→ TASK MATERIAL
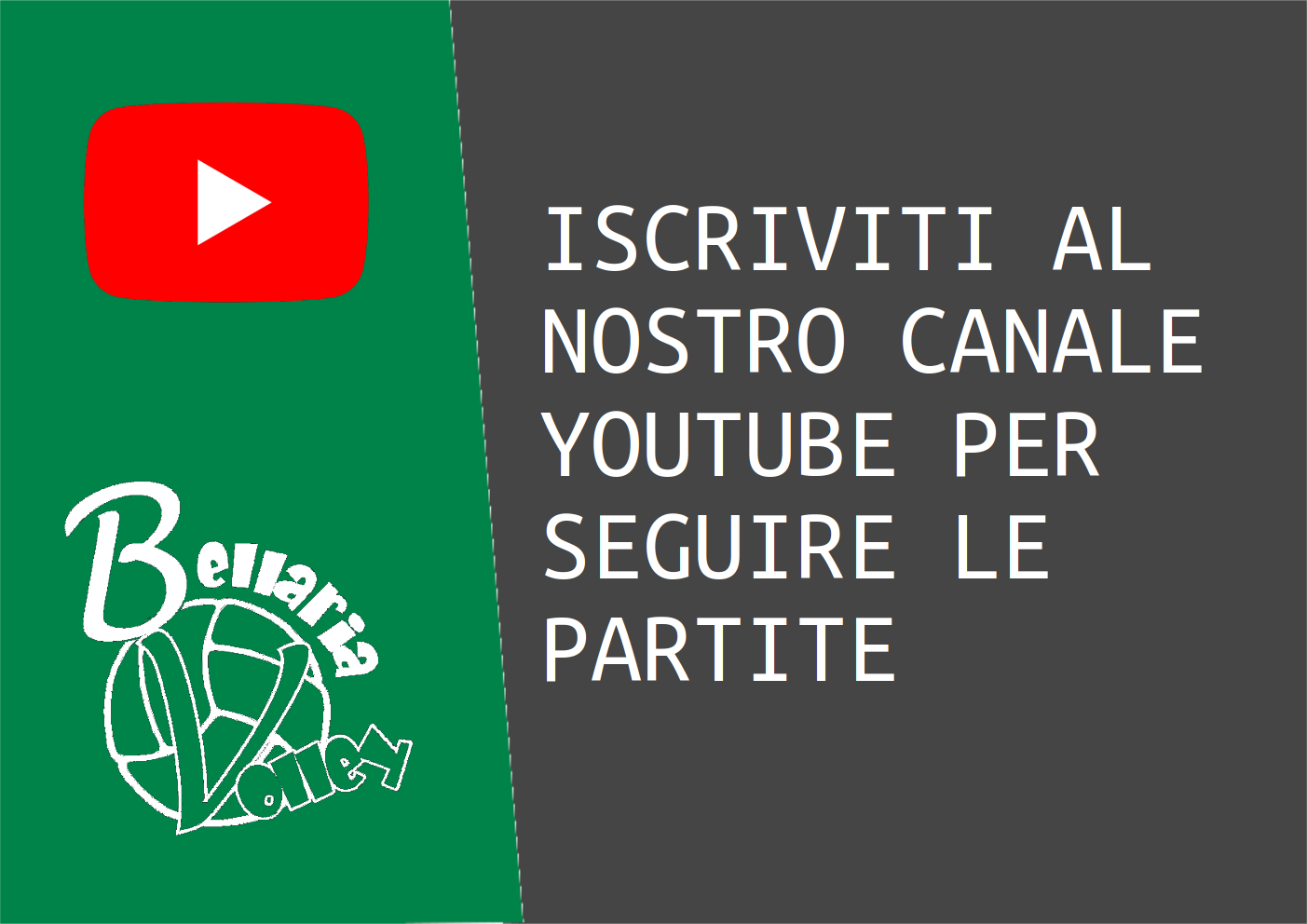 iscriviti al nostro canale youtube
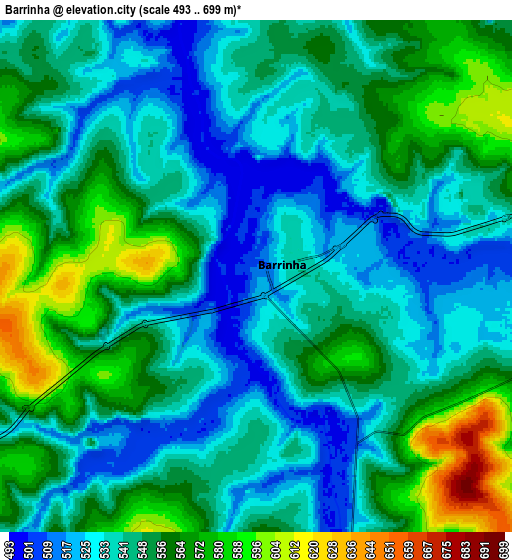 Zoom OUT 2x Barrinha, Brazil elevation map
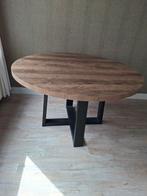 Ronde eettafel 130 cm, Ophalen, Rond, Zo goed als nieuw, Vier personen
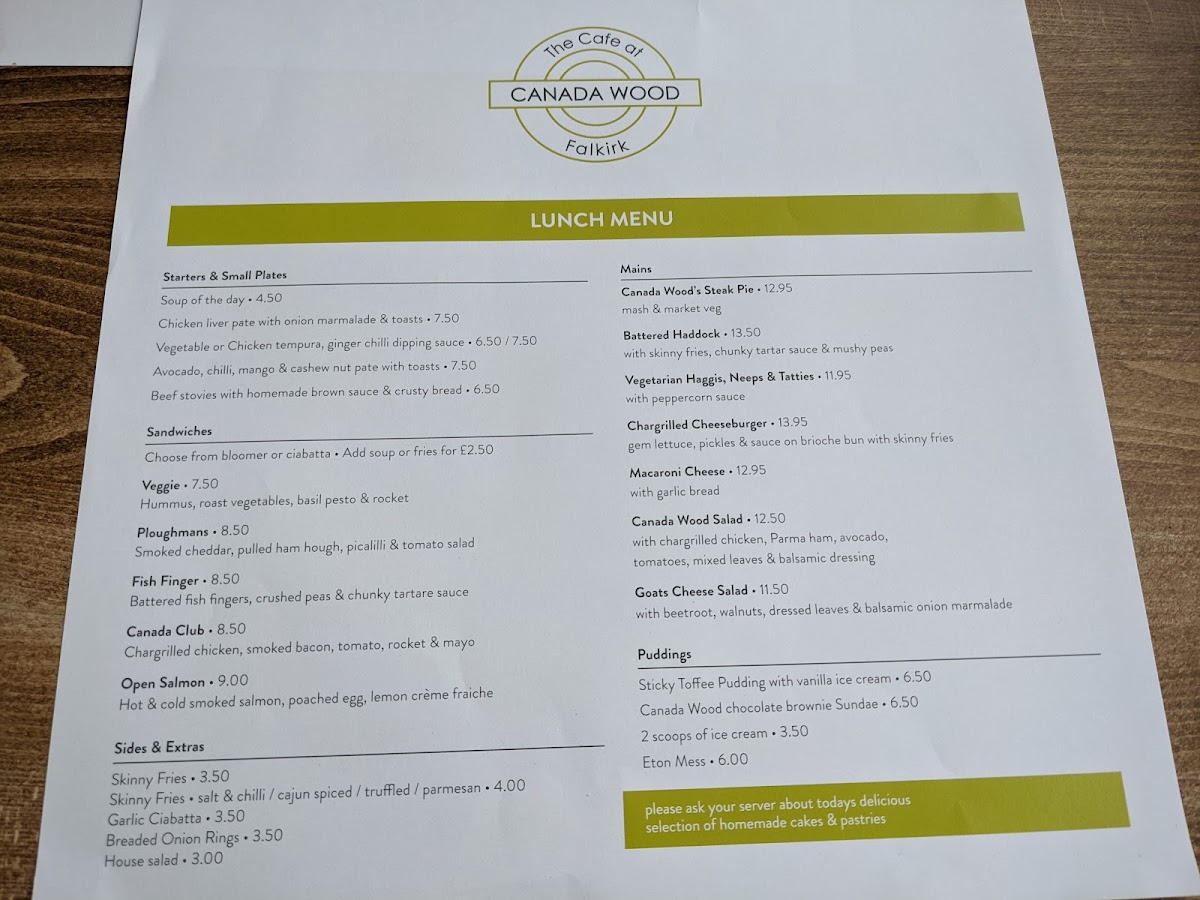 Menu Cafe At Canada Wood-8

...

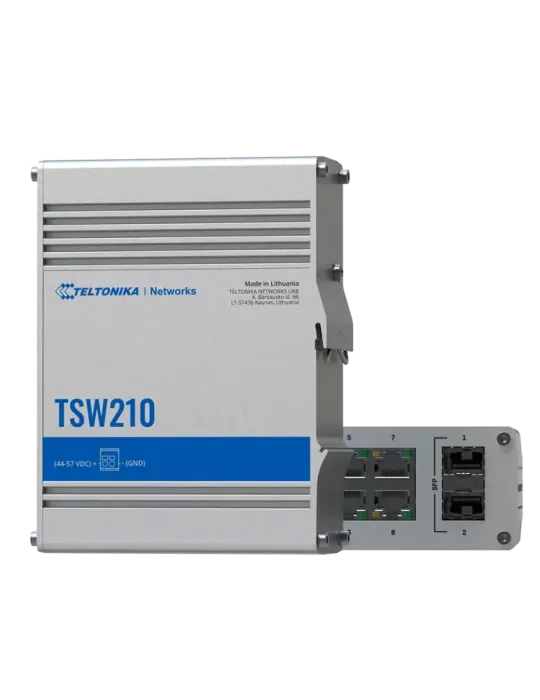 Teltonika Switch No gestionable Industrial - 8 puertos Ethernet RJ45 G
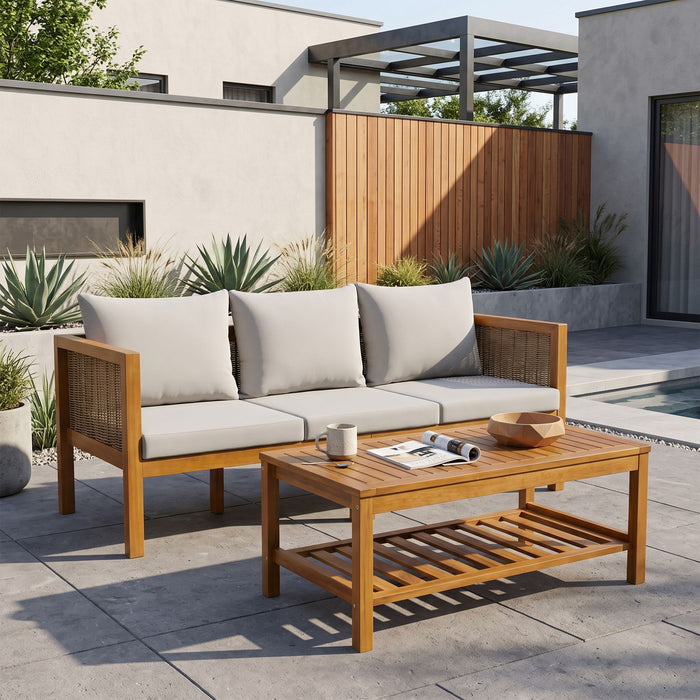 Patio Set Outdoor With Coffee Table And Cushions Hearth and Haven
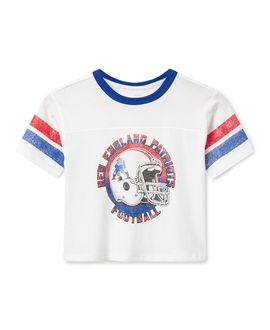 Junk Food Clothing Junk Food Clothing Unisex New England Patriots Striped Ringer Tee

→ TRY IT
Starting at the line above that contains "Teltonika Switch No", transcribe every line exactly through the line that contains "Junk Food Clothing Junk", including that last one, and skip the pictures.

→ OUTPUT
 Teltonika Switch No gestionable Industrial - 8 puertos Ethernet RJ45 G
 Patio Set Outdoor With Coffee Table And Cushions Hearth and Haven
 Junk Food Clothing Junk Food Clothing Unisex New England Patriots Striped Ringer Tee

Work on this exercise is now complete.